Within the molecular structure, atoms of various chemical make-ups are selected, assembled in particular patterns, and programmed to replicate themselves thus enabling immense workforces to produce products of almost any design. The molecular structure harnesses the energies from chemicals and electricity, rather than conventional human labor and current major power sources.
Progress to Date
Notable advances have been made in the allied field of biochemistry. Genetic engineers have programmed bacteria to make proteins used in human growth hormone and insulin. In the field of computer-aided design, the National Science Foundation has supported research for developing molecular computers, and the Japanese government has launched a program to develop microscopic, self-assembling molecular motors. These instruments are essential elements in the nanotechnological enterprise.
At the forefront of research and development are the Palo Alto-based Foresight Institute and its affiliate, the Institute of Molecular Manufacturing, which were formed specifically to develop molecular assembler-robots programmed to build. The Nanotechnology Development Corporation of NASA has also invested extensively in the research of MNT and its applications for construction in space. Though a self-assembling molecule has yet to be produced, its development seems inevitable.
This research has lead scientists to develop products based on MNT for future consumption by ordinary people. At the Ames laboratory at NASA, J. Storrs Hall has designed a simulated “Air Car" that can be controlled remotely and with little human input; Hall's "Air Car" is designed specifically to prompt further experimentation in aeronautics.
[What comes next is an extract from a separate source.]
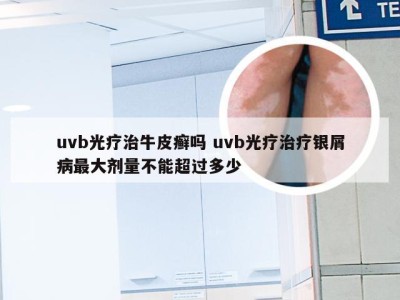 uvb光疗治牛皮癣吗 uvb光疗治疗银屑病最大剂量不能超过多少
Implications for the Future
The implications of this new technology are vast. As Kai Wu has written: "Imagine a technology so powerful that it will allow such feats as desktop manufacturing, cellular repair, artificial intelligence, inexpensive space travel, clean abundant energy, environmental restoration; a technology so portable that everyone can reap its benefits - which will radically change our economic and political systems - and so imminent that most of us will see its impact within our lifetimes.
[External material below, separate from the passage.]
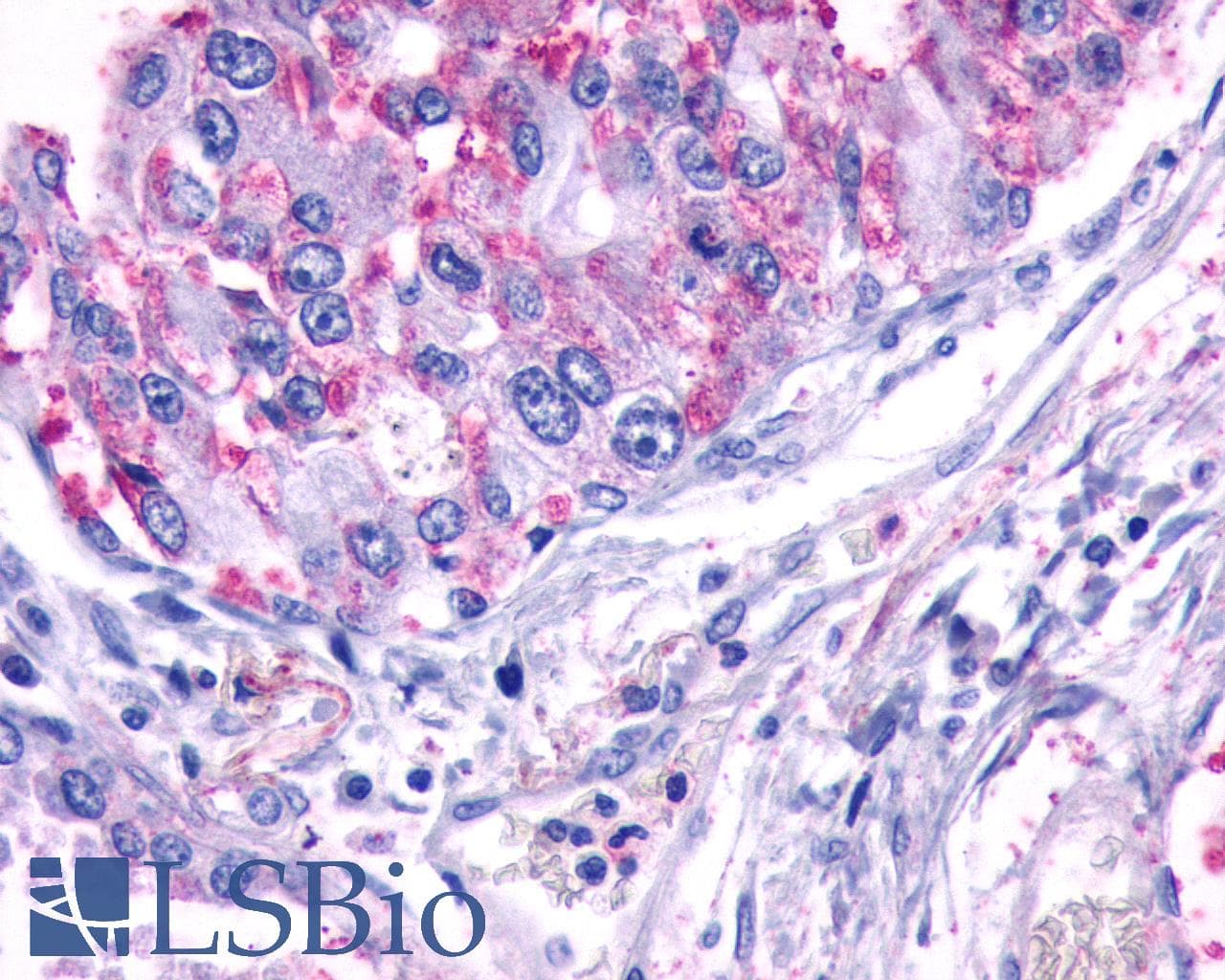 IHC-plus™ Polyclonal Rabbit anti-Human ADGRA2 / GPR124 Antibody (N-Terminus, IHC)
Nanotechnology will soon change industrial production by introducing labor-free manufacturing. This will directly influence our health, welfare, comfort, and prosperity. The molecular assembler breakthrough will transform our entire manufacturing process; for this, we must prepare. As with previous technological revolutions, MNT will present new ways of thinking about society and ourselves, and exact the same moral responsibilities.
Feasibility
Time, as a factor of molecular growth, is of crucial importance. The slow pace of cellular growth in nature is not comparable to the demands of modern manufacturing, marketing, and consumption. However, it is predicted that artificial growth by MNT will greatly outpace both that of nature and present manufacturing. Drexler remarks that with MNT, "a vast number of replicators will produce assemblers by the ton," which will in turn allow for rapid production. The replicators, when grouped in what theorist Ralph Merkle has called a "Convergent Assembly," form molecular building parts, or "bricks," that can be assembled into larger parts. Groups of these could then be assembled into still larger parts. Within a few minutes, a thirty stage convergent assembly could produce a final product of one meter from material initially one manometer in size.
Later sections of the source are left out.